Lebanon gets chance of justice in Hariri murder

Washington Post:

A sharply divided U.N. Security Council voted Wednesday to create an international criminal tribunal to prosecute the masterminds of the February 2005 suicide bombing that killed former Lebanese prime minister Rafiq al-Hariri and 22 others.

The vote will lead to the creation of the first U.N.-backed criminal tribunal in the Middle East, raising expectations that Hariri's killers will be held accountable. But that has stoked fears among Lebanese authorities and some council members that supporters of Syria -- which has been linked to the assassination -- will plunge Lebanon's fledgling democracy into a bloody new round of internal strife.

Fearing unrest, authorities imposed a partial curfew in Beirut, leaving the streets deserted. Lebanese placed lighted candles on boulevards and balconies to celebrate the outcome and sent congratulatory text messages countrywide.

Lebanon's political leaders are deeply split over the ongoing pursuit of justice by a U.N. commission that has implicated senior pro-Syrian military officers in Lebanon, as well as Syrian officials close to President Bashar al-Assad. Lebanese Prime Minister Fouad Siniora urged the council to establish the court, while Lebanon's pro-Syrian opposition leaders opposed the initiative and in March blocked parliamentary approval for such a court.

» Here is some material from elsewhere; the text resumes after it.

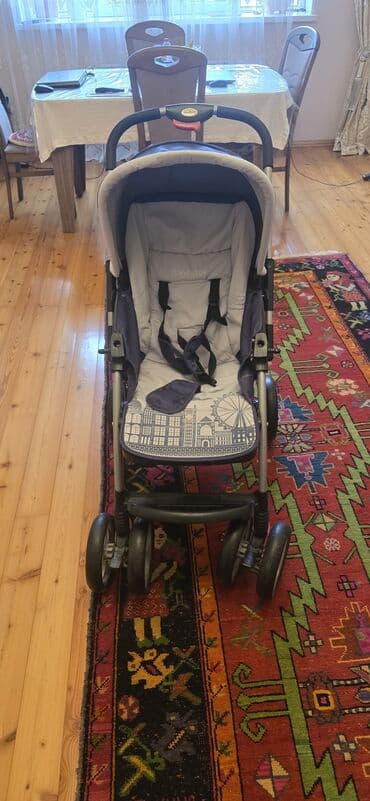 прогулочные коляски peg perego si completo: Возраст: <1 месяца — 4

Syria is also suspected in the recent violence at a Palestinian refugee camp that is purported to be by an al Qaeda affiliate. Gateway Pundit links a report saying that a ranking al Qaeda terrorist arrested at a Beirut hotel is in fact a Syrian double agent.

The Syrian action in concert with al Qaeda highlights Zawahiri's "greater Syria" strategy of spreading influence in the region. It is also a matter of necessity at this point, because al Qaeda and Syria have lost their rat lines into Iraq to support al Qaeda's war in that country because of the loss of Anbar and the efforts of the Sheiks in the "awakening" movement that is spreading throughout Iraq. This inability to infiltrate al Qaeda human bomb attacks into Iraq coincided with Syria's need to do something in Lebanon to distract people from the now announced UN tribunal that will focus on their part in the Hariri murder.